Mai fidarsi delle lolite. Sono vendicative. Di brutto. Anche perché non è che se sei bella, disinibita, sexy e con tanta voglia di divertirti devi finire stuprata dal primo amico che passa nella villa da favola del tuo amante sposato nel mezzo del deserto. Certo che no. Anche perché agli occhi di lui e dell’altro e dell’altro ancora, potresti anche sembrare stupida, ma non lo sei per niente. E allora? E allora sono cavoli loro… Revenge – thriller pulp un po’ tarantiniano ma anche Rodriguez avrebbe da dire la sua – è uno di quei film che ti danno, alla fine, una grande soddisfazione. Non quelli che ti mangi il fegato fino all’ultimo fotogramma e ci pensi pure dopo, qui te lo mangi solo fino a un certo punto, poi ti freghi le mani, sorridi e dici tra te e te: ottimo, così si fa, vi sta bene. Anche se probabilmente, anzi, sicuramente, non saresti in grado in certune simili drammatiche circostanze di fare neanche la metà di ciò che riesce a fare Jen, bionda, bella e svampita, trasformatasi nel giro di poche ore in cui è rimasta impalata nel bel mezzo del nulla, in una sorta di Ramba senza paura che se prima te la immaginavi che si sarebbe voltata dall’altra parte per non vedere l’ago che le entrava in vena in una banalissima analisi del sangue, ora te la trovi più tosta di Wonder Woman o Lara Croft capace di tirarsi fuori dal torace il ramo di un albero e di cauterizzarsi il buco nel pancino con una lattina di birra arroventata. Non è da tutti, bisogna ammetterlo. Anche se è vero che i funghetti allucinogeni aiutano…

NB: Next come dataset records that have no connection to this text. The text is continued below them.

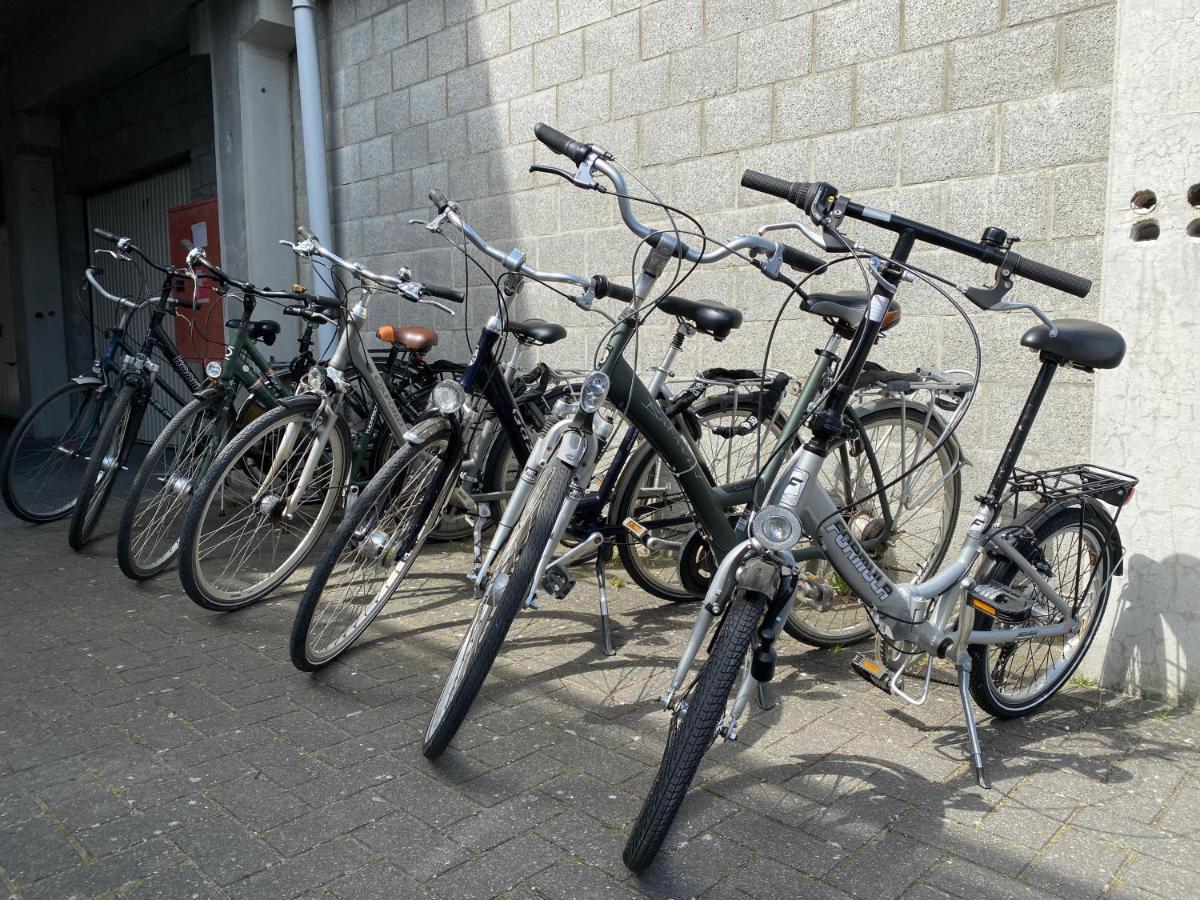 Logies-M Comfort Studios Inc Bikes B&B Oostende Bagian luar foto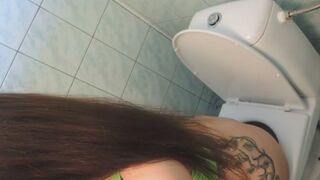 hot chick toilet dump - video 70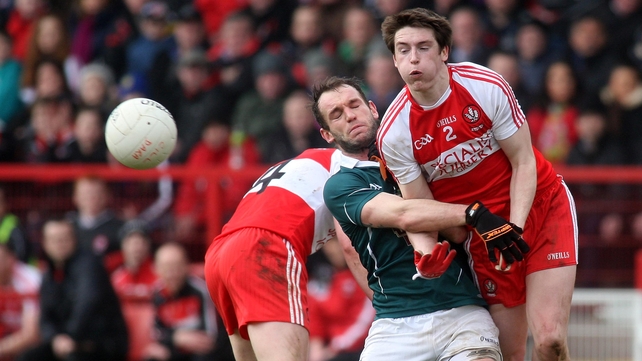 Gareth McKinless of Derry and Kildare's Darroch Mulhall battle for the ball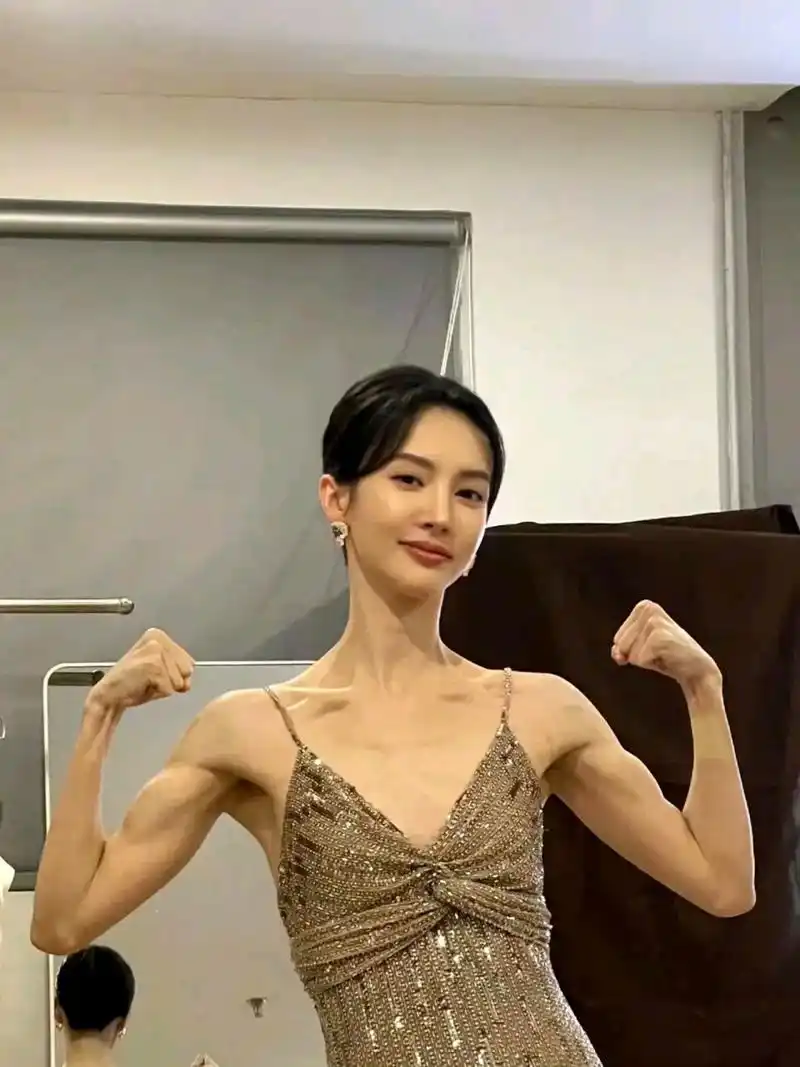 有一种一圈被打飞的美!金晨的肌肉感爱了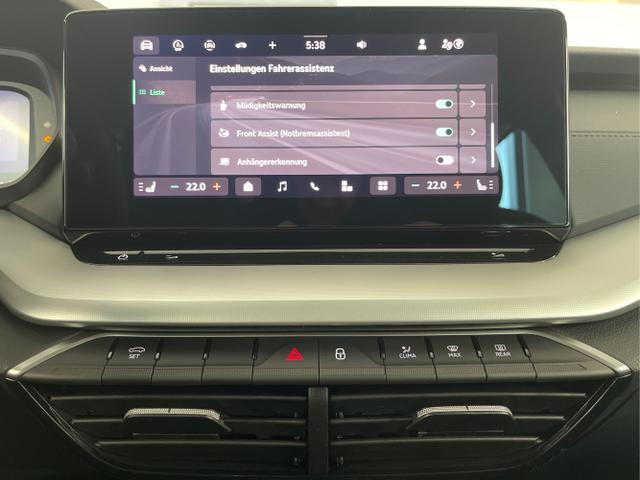 Skoda / Octavia Combi / Grau / / / DSG AHK+Sitzheizung+App Connect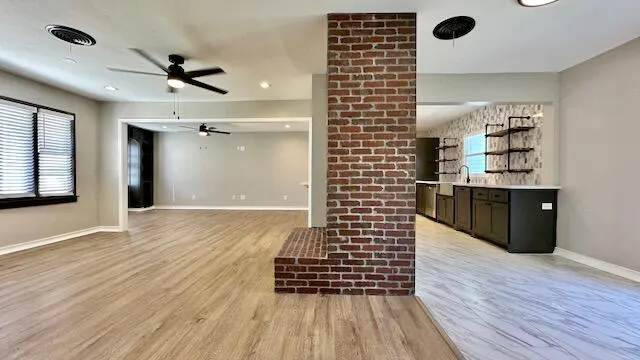 Photo 11 — 4318 31st Street, Lubbock, TX 79410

In Revenge Jen è magistralmente interpretata da Matilda Lutz, giovane modella già vista, pensate un po’, in Fuoriclasse, la serie di Rai 1 con Luciana Littizzetto, ma prima ne L’ultima ruota del carro di Veronesi, e poi ne L’Universale per approdare, e sì che ha talento per gli horror, a The Ring 3 fino a L’estate addosso di Muccino, che proprio a Lara Croft ha detto di essersi ispirata per il personaggio di Jen. Ed è altrettanto magistralmente diretta da un’altra donna, Coralie Fargeat, pluripremiata per i suoi corti The Telegram e Reality +, qui al suo lungometraggio d’esordio che ha pure scritto, immaginiamo in un impeto di rabbia indubbiamente giustificata verso il genere maschile, o quanto meno per parte di esso. “Anche se non muore fisicamente, il personaggio di Jen muore simbolicamente – spiega la regista – Ferita nel corpo e nell’anima, questa dolce e insipida bambola rinascerà, trasformandosi in una donna dura, spietata e implacabile. Una donna che niente e nessuno potrà mai più manipolare e maltrattare. Su un ulteriore piano, questa pellicola simboleggia il modo degradante in cui le donne vengono rappresentate nei film: troppo spesso viste come un oggetto sessuale, spogliate e umiliate. Il film, inizialmente, gioca proprio con questa rappresentazione, enfatizzandola al massimo così da sovvertirla brutalmente. La protagonista, in questo modo, diviene la figura forte del film, un supereroe donna, nonché la forza trainante dell’azione”. Se vi sembra troppo, beh, l’intenzione era proprio quella: “Il film è rappresentato in un modo non realistico, è puro cinema di genere” chiosa Coralie Fargeat.
Quindi se all’inizio Jen può anche starci antipatica, troppo bella, troppo magra, troppo ammiccante, troppo contro tutto ciò che le donne cercano da tempo di non voler essere considerate, alla fine, beh, ‘vai Jen, yeah, sei tutte noi!’ Per cui, donne, andatelo a vedere. E portateci anche i vostri uomini che prima soltanto di rispondervi male, ci penseranno un po’, almeno finchè non svanirà l’effetto Revenge. Ah già, gli uomini… nel film sono interpretati da Kevin Janssens, Vincent Colombe e Guillaume Bouchede. Ma non dimentichiamo né sottovalutiamo l’altra protagonista di Revenge che è la scia di sangue. La scia di sangue ti porta dove qualcuno si nasconde, dove qualcuno è morto, dove qualcuno ti salterà addosso all’improvviso. Ma la scia di sangue, occhio, può anche salvarti. Revenge è in sala con Midnight Factory (Koch Media) da oggi, giovedì 6 settembre.